It’s also important to take into account the Chuang Tse/Ursula K. Le Guin reference in relation to what Bleedthrough was going to be about. The Lathe of Heaven was the story of a man whose dreams could reshape reality, which he was trying to manage with drugs. George Orr (an obvious reference to 1984 and Animal Farm author George Orwell), after stealing a “pharma-card” to get drugs, is assigned a therapist, William Haber, who uses a machine to augment and dominate Orr’s abilities.
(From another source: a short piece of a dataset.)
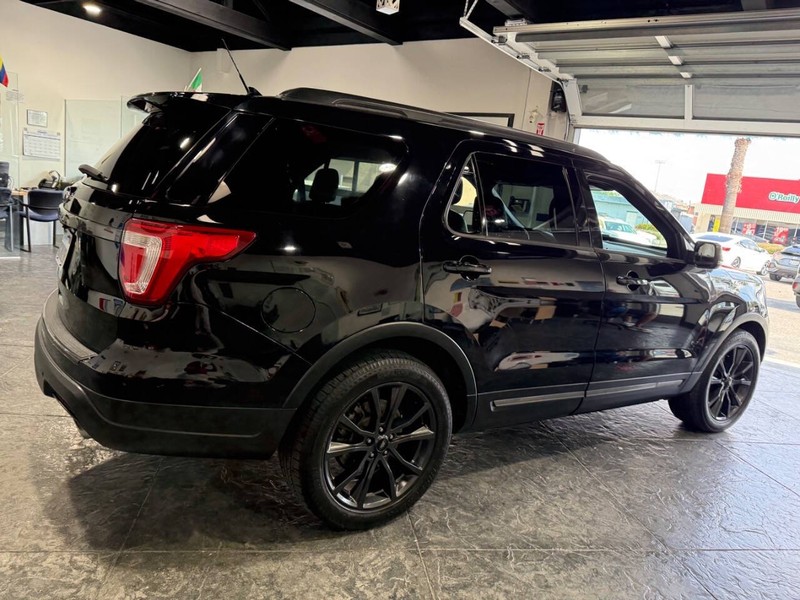 Ford Explorer Vehicle Full-screen Gallery Image 21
You can see the influence this had on the Reznor of the early 2000s both through his statement about “the different layers of reality seeping into the next” and his getting clean—but especially the lyrics that were left in: “feel the little pieces bleeding through.”
Year Zero
After With Teeth, Reznor embarked on another ambitious concept album, Year Zero. This one was about a dystopian future fifteen or so years down the line, where a resistance movement struggles against a totalitarian government while strange phenomena occur involving giant hands reaching down from the sky, referred to as “The Presence.” He slowly unveiled this story through an elaborate alternate reality game of websites (created by 42 Entertainment). With each website, a glimpse of the world was revealed, a sort of snapshot of what Reznor thought the dystopian future would look like. The ARG may have been more popular at the time than the record, which Reznor has defended as “a great fucking album.” The story on the album does have a discernible storyline thread, that may involve a president-like character (see “Capital G”) who is coerced through drugs (“The Greater Good”) to launch nukes (“The Great Destroyer”), which triggers the Presence phenomena to an apocalyptic event (“Zero Sum”). Reznor even pursued a possible Year Zero television show, which would’ve been produced by Lawrence Bender.
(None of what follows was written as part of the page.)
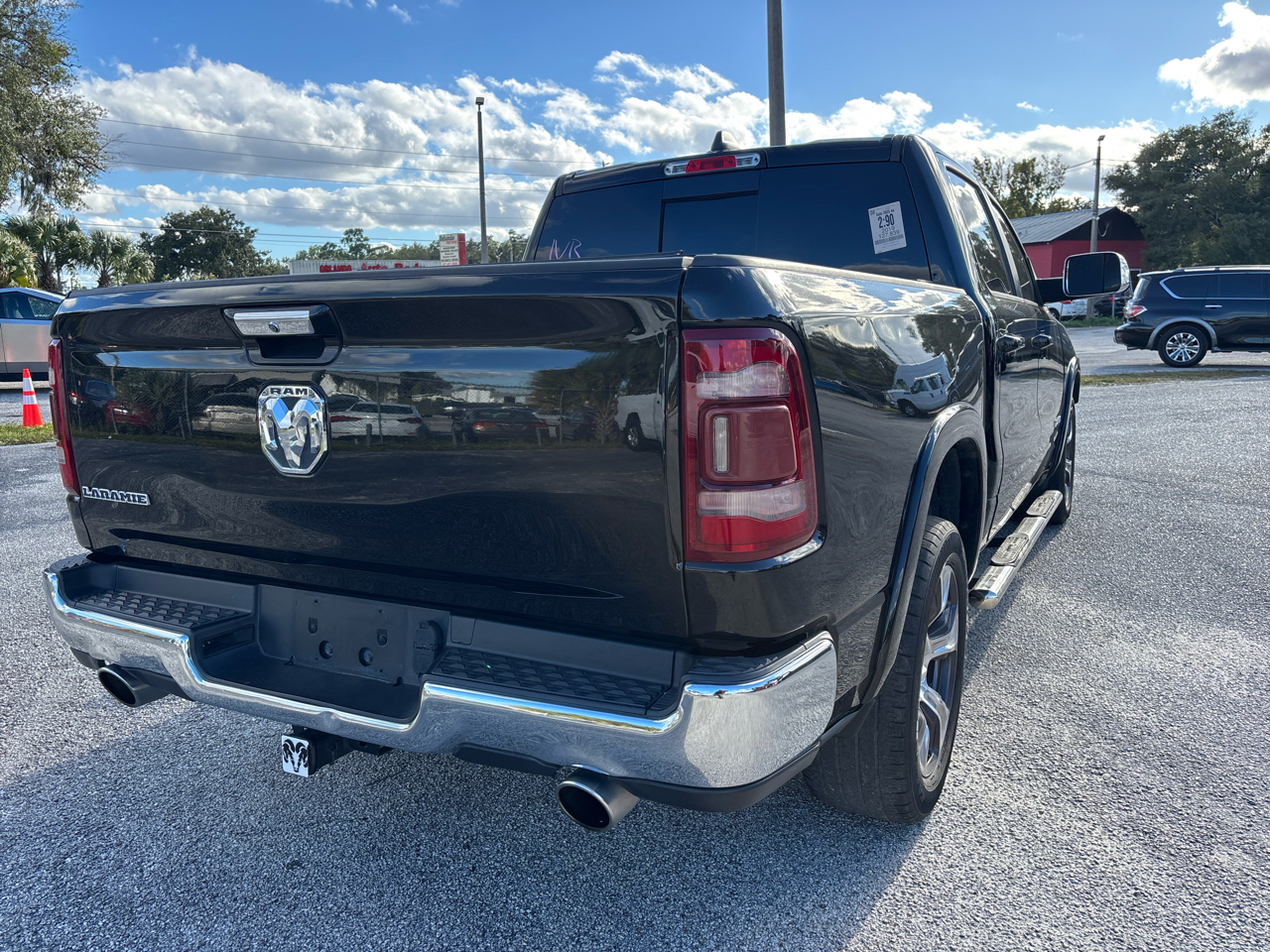 RAM 1500 Laramie Crew Cab SWB 2WD 2019 RAM 1500 Laramie Crew Cab SWB 2WD 2019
Some of the glimpses of the Year Zero world revealed by the websites included: * The Presence—a ghostly hand that reaches down from the sky, theorized to be linked possibly to drugs laced in public water supplies. However, the phenomenon appears on both a small scale, such as to graffiti vandals, and on a large scale, such as at a stock car racing event. Relates to the song “The Warning.” * Angry Sniper—a prominent character on a message board, a former soldier on a killing spree. Relates to the song “The Good Soldier.” * Opal and Parepin—a pair of drugs that may be related to one another. Opal is considered “The new crack” and induces feelings of euphoria and possible religious epiphany. Relates to the song “Vessel.” * Art is Resistance—a resistance movement against the totalitarian government, characterized by a spray-painted flag stencil. Relates to the song “My Violent Heart.” * Judson Ogram Correctional Facility—a prison, similar to Guantanamo, for criminals related to Art is Resistance or people who mention the Presence. Not necessarily related to a single song, but many Nine Inch Nails songs after Year Zero include references to imprisonment, such as “Echoplex,” “Various Methods of Escape,” and “The Idea of You.” * Church of Plano—a right wing, conservative group preparing for the apocalypse, similar to the real-world Westboro Baptist Church. Related to the song “God Given.”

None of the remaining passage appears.